In undertaking their objective construction, the majority expressly rejected the proposition that the caselaw cited by the Commissioner supported the need to look beyond the construction of the agreement to the whole of the arrangement, stating that the relevant cases did not look outside the terms of the arrangements and the transactions involved. Nor were the subjective purposes of the parties relevant to the objective construction process. It is questionable whether the Commissioner’s position in the DIS, and his indicated willingness to seek to look beyond the terms of agreements, signals an acceptance of the Court’s objective approach.
That being said, one might justify the Commissioner’s restated approach on the basis that evidence of surrounding circumstances can be used to assist in the interpretation of a contract where its language is ambiguous, noting the intermediate appellate court authority for the proposition that ambiguity in this context is a conclusion rather than a precondition to the use of that material (see, Cherry v Steele-Park (2017) 96 NSWLR 548 and Mainteck Services Pty Ltd v Stein Heurtey SA (2014) 89 NSWLR 633). This justification could only be maintained insofar as the Commissioner seeks to limit its recourse to such material to that extent. This is another reason why it is imperative that parties should always prioritise clear and precise language when drafting their commercial agreements.
The DIS notes that the decision in PepsiCo does not contradict the Commissioner’s position that payments of royalty may be ‘embedded’ in payments that on their face appear to be of a different character, such as a payment for goods or services. The Commissioner also notes that the labelling of payments is not determinative, and that the decision in PepsiCo does not establish a broad proposition that the characterisation of payments under contracts, being either related-party or arm’s-length contracts, is not open to challenge. The approach of all Justices to the question would appear consistent with this being the position: their Honours approached the issue of characterisation by reference to the specific commercial arrangements before them.
The Commissioner’s comments after this statement that “[w]e continue to monitor the arrangements of related parties closely” is significant. It acknowledges that issues of embedded royalty are more likely to arise in respect of related-party transactions. More broadly, however, and notwithstanding the statement that the characterisation of payments under related-party or arm’s-length contracts can be challenged, it may suggest a shift of the Commissioner’s scrutiny away from arm’s-length arrangements. This may be considered appropriate in view of the High Court’s decision. However, it does not lead to the conclusion that arm’s-length parties, or related parties acting at arm’s length, should not continue to pay due care, attention and diligence to the drafting and documenting of relevant commercial arrangements.
The DIS also references the importance the majority placed on the Commissioner’s failure to argue that the pricing of the payments by the Bottler for concentrate were incorrect or had been inflated. In the DIS, the Commissioner said he must seek to obtain pricing evidence in future cases, including in relation to the value of intellectual property rights and other property being exchanged. While such evidence may assist the Commissioner, it should not distract from the central issue as to whether the parties had objectively agreed to make payments, part of which was to be consideration for the right to use intellectual property.

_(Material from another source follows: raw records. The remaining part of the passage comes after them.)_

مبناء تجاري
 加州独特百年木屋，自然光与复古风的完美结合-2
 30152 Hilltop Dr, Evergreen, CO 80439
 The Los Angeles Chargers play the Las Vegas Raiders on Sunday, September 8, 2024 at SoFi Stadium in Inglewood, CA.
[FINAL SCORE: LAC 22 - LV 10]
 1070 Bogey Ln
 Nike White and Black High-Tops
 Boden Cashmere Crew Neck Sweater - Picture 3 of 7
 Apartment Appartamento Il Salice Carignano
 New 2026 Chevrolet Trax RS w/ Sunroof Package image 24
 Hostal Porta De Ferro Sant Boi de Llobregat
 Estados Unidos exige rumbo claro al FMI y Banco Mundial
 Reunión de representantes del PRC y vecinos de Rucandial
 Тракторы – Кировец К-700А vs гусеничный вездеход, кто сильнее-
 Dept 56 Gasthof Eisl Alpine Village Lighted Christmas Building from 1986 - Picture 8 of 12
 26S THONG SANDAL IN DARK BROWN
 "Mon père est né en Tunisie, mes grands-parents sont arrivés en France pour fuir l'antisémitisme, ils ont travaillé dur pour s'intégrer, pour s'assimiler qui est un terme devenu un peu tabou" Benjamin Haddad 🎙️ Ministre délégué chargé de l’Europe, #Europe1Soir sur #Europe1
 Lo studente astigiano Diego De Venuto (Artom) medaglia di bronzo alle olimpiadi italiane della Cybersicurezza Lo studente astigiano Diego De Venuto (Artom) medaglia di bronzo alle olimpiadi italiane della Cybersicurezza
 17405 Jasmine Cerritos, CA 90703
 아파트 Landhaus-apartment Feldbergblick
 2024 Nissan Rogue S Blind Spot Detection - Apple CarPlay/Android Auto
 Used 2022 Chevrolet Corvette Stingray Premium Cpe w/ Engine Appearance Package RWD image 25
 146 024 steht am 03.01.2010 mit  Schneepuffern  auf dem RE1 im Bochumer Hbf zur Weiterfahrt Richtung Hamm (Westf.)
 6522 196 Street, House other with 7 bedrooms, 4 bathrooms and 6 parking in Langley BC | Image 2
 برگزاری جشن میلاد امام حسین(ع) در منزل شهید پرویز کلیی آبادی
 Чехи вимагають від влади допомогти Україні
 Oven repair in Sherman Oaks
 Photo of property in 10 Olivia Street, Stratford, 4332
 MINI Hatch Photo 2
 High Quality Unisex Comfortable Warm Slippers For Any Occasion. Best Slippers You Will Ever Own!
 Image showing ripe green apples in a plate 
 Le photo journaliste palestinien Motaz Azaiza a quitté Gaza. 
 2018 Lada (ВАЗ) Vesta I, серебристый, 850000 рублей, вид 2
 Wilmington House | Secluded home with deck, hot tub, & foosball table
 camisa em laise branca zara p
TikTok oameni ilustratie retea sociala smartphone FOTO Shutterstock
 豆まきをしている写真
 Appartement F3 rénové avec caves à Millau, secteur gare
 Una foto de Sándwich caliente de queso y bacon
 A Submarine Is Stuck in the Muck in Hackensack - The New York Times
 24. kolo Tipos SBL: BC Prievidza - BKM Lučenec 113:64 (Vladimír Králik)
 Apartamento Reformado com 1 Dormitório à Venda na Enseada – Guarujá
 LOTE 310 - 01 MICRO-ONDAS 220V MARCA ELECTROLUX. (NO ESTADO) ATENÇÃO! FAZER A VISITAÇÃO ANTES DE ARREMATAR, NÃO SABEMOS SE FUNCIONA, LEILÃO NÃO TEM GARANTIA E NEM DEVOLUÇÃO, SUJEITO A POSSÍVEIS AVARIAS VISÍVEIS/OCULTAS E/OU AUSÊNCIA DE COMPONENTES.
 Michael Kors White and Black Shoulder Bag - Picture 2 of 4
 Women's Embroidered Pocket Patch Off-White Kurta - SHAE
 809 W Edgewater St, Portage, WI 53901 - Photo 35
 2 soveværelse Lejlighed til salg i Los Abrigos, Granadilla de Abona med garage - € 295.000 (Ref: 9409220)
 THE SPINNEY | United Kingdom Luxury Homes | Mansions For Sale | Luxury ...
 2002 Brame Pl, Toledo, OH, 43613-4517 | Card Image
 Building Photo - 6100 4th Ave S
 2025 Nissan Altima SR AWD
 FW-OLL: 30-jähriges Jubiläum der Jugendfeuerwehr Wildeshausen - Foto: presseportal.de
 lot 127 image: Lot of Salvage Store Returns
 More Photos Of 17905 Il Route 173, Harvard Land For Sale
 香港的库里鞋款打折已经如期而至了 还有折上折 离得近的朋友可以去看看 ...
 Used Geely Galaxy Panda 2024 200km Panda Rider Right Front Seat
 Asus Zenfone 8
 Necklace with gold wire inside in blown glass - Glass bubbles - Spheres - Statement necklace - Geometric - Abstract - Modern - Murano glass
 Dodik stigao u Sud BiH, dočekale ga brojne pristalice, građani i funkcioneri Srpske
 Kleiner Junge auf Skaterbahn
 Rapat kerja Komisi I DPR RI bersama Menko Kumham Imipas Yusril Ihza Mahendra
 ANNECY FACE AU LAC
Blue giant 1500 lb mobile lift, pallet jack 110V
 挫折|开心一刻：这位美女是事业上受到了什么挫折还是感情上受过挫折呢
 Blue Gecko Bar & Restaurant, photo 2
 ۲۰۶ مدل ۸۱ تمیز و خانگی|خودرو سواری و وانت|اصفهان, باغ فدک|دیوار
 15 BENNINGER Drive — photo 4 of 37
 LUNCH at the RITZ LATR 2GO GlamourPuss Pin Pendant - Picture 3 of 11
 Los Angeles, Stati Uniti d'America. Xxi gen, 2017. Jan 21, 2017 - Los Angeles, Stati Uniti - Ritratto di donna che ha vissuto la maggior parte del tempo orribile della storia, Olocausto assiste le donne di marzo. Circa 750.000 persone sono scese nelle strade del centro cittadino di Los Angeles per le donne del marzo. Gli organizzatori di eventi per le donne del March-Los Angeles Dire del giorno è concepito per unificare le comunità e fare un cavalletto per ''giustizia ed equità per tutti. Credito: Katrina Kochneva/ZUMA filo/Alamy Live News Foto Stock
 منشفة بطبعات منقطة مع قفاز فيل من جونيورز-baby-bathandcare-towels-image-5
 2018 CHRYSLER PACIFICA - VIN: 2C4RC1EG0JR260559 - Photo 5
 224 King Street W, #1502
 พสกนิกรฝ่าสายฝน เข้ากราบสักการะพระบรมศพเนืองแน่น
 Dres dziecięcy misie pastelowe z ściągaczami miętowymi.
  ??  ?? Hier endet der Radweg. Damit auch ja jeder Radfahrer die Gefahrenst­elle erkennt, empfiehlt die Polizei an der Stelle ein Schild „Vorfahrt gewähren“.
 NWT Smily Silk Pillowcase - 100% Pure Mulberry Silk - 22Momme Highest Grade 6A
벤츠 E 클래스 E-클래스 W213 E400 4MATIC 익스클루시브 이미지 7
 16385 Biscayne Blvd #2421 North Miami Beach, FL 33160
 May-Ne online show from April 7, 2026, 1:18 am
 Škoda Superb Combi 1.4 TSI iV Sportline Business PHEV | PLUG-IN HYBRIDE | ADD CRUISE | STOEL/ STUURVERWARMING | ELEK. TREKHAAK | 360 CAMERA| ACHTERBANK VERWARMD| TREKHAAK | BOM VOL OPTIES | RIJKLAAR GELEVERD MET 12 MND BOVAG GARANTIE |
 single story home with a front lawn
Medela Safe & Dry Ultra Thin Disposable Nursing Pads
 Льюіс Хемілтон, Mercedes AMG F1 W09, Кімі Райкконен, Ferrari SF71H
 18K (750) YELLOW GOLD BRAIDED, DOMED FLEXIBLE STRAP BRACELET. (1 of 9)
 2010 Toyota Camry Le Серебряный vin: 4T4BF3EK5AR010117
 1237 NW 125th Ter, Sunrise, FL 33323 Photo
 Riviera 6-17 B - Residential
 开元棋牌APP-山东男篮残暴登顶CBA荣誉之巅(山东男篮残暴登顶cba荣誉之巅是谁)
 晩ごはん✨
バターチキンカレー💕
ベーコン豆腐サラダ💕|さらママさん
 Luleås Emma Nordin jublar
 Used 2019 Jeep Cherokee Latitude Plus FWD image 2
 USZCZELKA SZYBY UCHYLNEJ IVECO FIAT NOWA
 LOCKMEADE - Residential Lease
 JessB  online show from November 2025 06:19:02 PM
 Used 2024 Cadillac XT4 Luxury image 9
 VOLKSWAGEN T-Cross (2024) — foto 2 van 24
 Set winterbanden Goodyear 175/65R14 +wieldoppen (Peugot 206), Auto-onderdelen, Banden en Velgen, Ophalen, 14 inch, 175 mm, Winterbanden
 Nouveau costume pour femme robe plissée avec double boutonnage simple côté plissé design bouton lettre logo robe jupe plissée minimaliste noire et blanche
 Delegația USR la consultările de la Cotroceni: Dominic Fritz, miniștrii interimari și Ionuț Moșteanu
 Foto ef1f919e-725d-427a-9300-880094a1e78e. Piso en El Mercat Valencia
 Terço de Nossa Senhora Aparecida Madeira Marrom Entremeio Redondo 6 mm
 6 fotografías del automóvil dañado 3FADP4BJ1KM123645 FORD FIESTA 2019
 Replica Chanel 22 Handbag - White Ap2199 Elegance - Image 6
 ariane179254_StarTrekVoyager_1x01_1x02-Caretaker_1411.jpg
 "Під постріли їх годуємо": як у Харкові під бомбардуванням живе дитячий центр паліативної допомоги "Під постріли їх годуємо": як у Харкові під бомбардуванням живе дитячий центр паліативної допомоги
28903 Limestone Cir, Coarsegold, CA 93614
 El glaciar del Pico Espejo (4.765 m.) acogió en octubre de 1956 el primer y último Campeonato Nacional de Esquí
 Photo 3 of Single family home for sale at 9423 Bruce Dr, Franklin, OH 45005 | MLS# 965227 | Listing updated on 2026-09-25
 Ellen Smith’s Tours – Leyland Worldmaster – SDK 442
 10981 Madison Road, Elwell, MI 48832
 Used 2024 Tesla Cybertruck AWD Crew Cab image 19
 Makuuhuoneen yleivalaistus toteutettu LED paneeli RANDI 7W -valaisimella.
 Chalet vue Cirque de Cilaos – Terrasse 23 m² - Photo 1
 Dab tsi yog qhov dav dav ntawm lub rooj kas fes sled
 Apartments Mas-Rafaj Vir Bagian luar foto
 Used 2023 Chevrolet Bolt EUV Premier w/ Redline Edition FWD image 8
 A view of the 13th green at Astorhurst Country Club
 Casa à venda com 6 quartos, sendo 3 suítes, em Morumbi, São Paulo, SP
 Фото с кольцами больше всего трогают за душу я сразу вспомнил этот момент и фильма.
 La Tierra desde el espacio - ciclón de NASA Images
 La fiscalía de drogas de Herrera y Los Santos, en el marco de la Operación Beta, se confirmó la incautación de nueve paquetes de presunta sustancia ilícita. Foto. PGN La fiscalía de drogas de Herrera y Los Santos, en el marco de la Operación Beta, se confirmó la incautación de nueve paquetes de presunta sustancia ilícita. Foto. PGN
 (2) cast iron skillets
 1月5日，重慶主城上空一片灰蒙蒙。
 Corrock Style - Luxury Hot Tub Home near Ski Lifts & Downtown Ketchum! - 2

The existence of evidence demonstrating that the price paid for certain goods or services, for example, exceeded market value, and that any intellectual property rights obtained also had some market value in excess of their price, may suggest but does not invariably lead to a conclusion that the parties objectively agreed to make an embedded payment of royalty. This may be so even in circumstances where the price for the goods or services exceeds the market value thereof, and is commensurate with the shortfall in price paid (if at all) for any intellectual property rights.
Although recognising that the High Court unanimously found that any royalty was not paid to or derived by the taxpayers because the Bottler had no ‘antecedent obligation’ to make payments to the taxpayers, the DIS stresses that this was a conclusion based on the facts as found by the Court. The Commissioner states that he does not ‘expect a scenario where a royalty is present but that royalty is not being paid to or at the direction of the provider of the relevant IP to be common’. Were this scenario to occur again, the Commissioner records that he would seek to ‘understand the commercial context and rationale for the arrangement’.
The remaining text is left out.